### Work instructions
Starting at the first line below, copy through to the last line exactly.

(Referring expression grounding data)
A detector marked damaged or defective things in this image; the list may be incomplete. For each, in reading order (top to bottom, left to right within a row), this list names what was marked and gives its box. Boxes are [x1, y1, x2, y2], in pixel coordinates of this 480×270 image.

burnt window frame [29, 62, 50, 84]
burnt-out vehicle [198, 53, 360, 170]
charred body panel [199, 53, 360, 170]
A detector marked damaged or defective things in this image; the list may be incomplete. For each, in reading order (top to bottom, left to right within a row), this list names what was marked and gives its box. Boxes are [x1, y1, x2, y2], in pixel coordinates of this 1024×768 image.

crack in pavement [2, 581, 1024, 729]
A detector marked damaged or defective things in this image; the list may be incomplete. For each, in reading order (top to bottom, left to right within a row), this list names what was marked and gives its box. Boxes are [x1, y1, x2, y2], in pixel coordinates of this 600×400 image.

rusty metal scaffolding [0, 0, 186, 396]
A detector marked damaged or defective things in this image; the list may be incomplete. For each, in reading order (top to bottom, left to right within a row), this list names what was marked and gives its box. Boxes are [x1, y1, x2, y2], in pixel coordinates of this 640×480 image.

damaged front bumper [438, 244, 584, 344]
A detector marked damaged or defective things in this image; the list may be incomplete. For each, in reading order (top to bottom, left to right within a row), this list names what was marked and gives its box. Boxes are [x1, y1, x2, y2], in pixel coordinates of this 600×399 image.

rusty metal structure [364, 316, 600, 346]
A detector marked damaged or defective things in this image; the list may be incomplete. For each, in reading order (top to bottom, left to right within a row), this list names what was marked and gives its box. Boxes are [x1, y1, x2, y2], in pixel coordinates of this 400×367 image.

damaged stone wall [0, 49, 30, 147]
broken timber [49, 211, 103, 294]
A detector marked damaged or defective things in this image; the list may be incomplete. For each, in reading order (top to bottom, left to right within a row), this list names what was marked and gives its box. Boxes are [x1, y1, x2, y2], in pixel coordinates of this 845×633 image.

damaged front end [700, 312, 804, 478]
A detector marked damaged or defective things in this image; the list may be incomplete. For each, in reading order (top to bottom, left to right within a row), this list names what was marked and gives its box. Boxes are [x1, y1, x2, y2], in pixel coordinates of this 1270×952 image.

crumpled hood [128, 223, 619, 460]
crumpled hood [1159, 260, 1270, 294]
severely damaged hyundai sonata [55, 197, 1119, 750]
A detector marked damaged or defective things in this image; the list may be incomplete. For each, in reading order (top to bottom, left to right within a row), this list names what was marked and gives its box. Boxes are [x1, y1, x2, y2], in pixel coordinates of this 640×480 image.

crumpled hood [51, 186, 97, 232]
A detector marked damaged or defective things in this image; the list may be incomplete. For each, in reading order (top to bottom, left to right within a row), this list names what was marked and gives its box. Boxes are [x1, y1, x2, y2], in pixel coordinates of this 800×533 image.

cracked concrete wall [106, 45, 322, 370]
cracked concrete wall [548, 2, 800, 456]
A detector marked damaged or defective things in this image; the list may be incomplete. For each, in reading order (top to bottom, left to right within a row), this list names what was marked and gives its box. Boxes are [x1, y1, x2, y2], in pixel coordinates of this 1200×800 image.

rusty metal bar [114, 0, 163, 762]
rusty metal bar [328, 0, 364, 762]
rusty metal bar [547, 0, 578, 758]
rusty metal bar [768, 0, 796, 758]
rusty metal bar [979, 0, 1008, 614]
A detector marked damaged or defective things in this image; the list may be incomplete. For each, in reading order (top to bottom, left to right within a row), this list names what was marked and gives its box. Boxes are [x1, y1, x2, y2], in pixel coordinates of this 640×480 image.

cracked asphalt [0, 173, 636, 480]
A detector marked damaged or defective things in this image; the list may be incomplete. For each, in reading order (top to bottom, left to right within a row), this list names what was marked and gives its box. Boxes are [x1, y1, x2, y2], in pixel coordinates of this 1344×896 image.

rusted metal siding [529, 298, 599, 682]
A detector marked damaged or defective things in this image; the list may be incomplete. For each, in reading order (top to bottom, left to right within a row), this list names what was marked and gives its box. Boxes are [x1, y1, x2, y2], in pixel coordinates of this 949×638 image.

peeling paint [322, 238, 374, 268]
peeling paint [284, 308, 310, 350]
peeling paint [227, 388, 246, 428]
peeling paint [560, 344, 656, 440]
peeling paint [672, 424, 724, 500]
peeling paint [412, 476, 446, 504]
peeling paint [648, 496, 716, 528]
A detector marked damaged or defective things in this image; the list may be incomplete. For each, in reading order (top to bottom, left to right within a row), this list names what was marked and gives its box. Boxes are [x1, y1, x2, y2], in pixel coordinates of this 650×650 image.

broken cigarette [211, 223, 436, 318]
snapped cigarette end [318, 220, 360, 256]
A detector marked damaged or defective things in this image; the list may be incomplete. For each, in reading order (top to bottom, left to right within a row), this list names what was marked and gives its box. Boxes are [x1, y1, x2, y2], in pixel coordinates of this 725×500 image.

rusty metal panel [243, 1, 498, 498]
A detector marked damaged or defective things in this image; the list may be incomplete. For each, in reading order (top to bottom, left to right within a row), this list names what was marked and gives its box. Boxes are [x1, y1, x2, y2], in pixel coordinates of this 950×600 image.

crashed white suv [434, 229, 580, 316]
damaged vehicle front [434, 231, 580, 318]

### Exercise output
A detector marked damaged or defective things in this image; the list may be incomplete. For each, in reading order (top to bottom, left to right within a row), this list names what was marked and gives its box. Boxes are [x1, y1, x2, y2], in pixel coordinates of this 480×270 image.

burnt window frame [29, 62, 50, 84]
burnt-out vehicle [198, 53, 360, 170]
charred body panel [199, 53, 360, 170]
A detector marked damaged or defective things in this image; the list may be incomplete. For each, in reading order (top to bottom, left to right within a row), this list names what was marked and gives its box. Boxes are [x1, y1, x2, y2], in pixel coordinates of this 1024×768 image.

crack in pavement [2, 581, 1024, 729]
A detector marked damaged or defective things in this image; the list may be incomplete. For each, in reading order (top to bottom, left to right within a row), this list names what was marked and gives its box. Boxes are [x1, y1, x2, y2], in pixel coordinates of this 600×400 image.

rusty metal scaffolding [0, 0, 186, 396]
A detector marked damaged or defective things in this image; the list may be incomplete. For each, in reading order (top to bottom, left to right within a row), this list names what was marked and gives its box. Boxes are [x1, y1, x2, y2], in pixel coordinates of this 640×480 image.

damaged front bumper [438, 244, 584, 344]
A detector marked damaged or defective things in this image; the list may be incomplete. For each, in reading order (top to bottom, left to right within a row), this list names what was marked and gives its box. Boxes are [x1, y1, x2, y2], in pixel coordinates of this 600×399 image.

rusty metal structure [364, 316, 600, 346]
A detector marked damaged or defective things in this image; the list may be incomplete. For each, in reading order (top to bottom, left to right within a row), this list names what was marked and gives its box. Boxes are [x1, y1, x2, y2], in pixel coordinates of this 400×367 image.

damaged stone wall [0, 49, 30, 147]
broken timber [49, 211, 103, 294]
A detector marked damaged or defective things in this image; the list may be incomplete. For each, in reading order (top to bottom, left to right within a row), this list names what was marked and gives its box. Boxes are [x1, y1, x2, y2], in pixel coordinates of this 845×633 image.

damaged front end [700, 312, 804, 478]
A detector marked damaged or defective things in this image; the list may be incomplete. For each, in reading order (top to bottom, left to right within a row), this list names what was marked and gives its box. Boxes are [x1, y1, x2, y2], in pixel coordinates of this 1270×952 image.

crumpled hood [128, 223, 619, 460]
crumpled hood [1159, 260, 1270, 294]
severely damaged hyundai sonata [55, 197, 1119, 750]
A detector marked damaged or defective things in this image; the list may be incomplete. For each, in reading order (top to bottom, left to right within a row), this list names what was marked and gives its box. Boxes are [x1, y1, x2, y2], in pixel coordinates of this 640×480 image.

crumpled hood [51, 186, 97, 232]
A detector marked damaged or defective things in this image; the list may be incomplete. For each, in reading order (top to bottom, left to right within a row), this list names what was marked and gives its box. Boxes are [x1, y1, x2, y2], in pixel coordinates of this 800×533 image.

cracked concrete wall [106, 45, 322, 370]
cracked concrete wall [548, 2, 800, 456]
A detector marked damaged or defective things in this image; the list may be incomplete. For each, in reading order (top to bottom, left to right within a row), this list names what was marked and gives its box. Boxes are [x1, y1, x2, y2], in pixel coordinates of this 1200×800 image.

rusty metal bar [114, 0, 163, 762]
rusty metal bar [328, 0, 364, 762]
rusty metal bar [547, 0, 578, 758]
rusty metal bar [768, 0, 796, 758]
rusty metal bar [979, 0, 1008, 614]
A detector marked damaged or defective things in this image; the list may be incomplete. For each, in reading order (top to bottom, left to right within a row), this list names what was marked and gives its box. Boxes are [x1, y1, x2, y2], in pixel coordinates of this 640×480 image.

cracked asphalt [0, 173, 636, 480]
A detector marked damaged or defective things in this image; the list may be incomplete. For each, in reading order (top to bottom, left to right within a row), this list names what was marked and gives its box. Boxes are [x1, y1, x2, y2], in pixel coordinates of this 1344×896 image.

rusted metal siding [529, 298, 599, 682]
A detector marked damaged or defective things in this image; the list may be incomplete. For each, in reading order (top to bottom, left to right within a row), this list names what was marked and gives its box. Boxes are [x1, y1, x2, y2], in pixel coordinates of this 949×638 image.

peeling paint [322, 238, 374, 268]
peeling paint [284, 308, 310, 350]
peeling paint [227, 388, 246, 428]
peeling paint [560, 344, 656, 440]
peeling paint [672, 424, 724, 500]
peeling paint [412, 476, 446, 504]
peeling paint [648, 496, 716, 528]
A detector marked damaged or defective things in this image; the list may be incomplete. For each, in reading order (top to bottom, left to right within a row), this list names what was marked and gives its box. Boxes are [x1, y1, x2, y2], in pixel coordinates of this 650×650 image.

broken cigarette [211, 223, 436, 318]
snapped cigarette end [318, 220, 360, 256]
A detector marked damaged or defective things in this image; the list may be incomplete. For each, in reading order (top to bottom, left to right within a row), this list names what was marked and gives its box. Boxes are [x1, y1, x2, y2], in pixel coordinates of this 725×500 image.

rusty metal panel [243, 1, 498, 498]
A detector marked damaged or defective things in this image; the list may be incomplete. For each, in reading order (top to bottom, left to right within a row), this list names what was marked and gives its box. Boxes are [x1, y1, x2, y2], in pixel coordinates of this 950×600 image.

crashed white suv [434, 229, 580, 316]
damaged vehicle front [434, 231, 580, 318]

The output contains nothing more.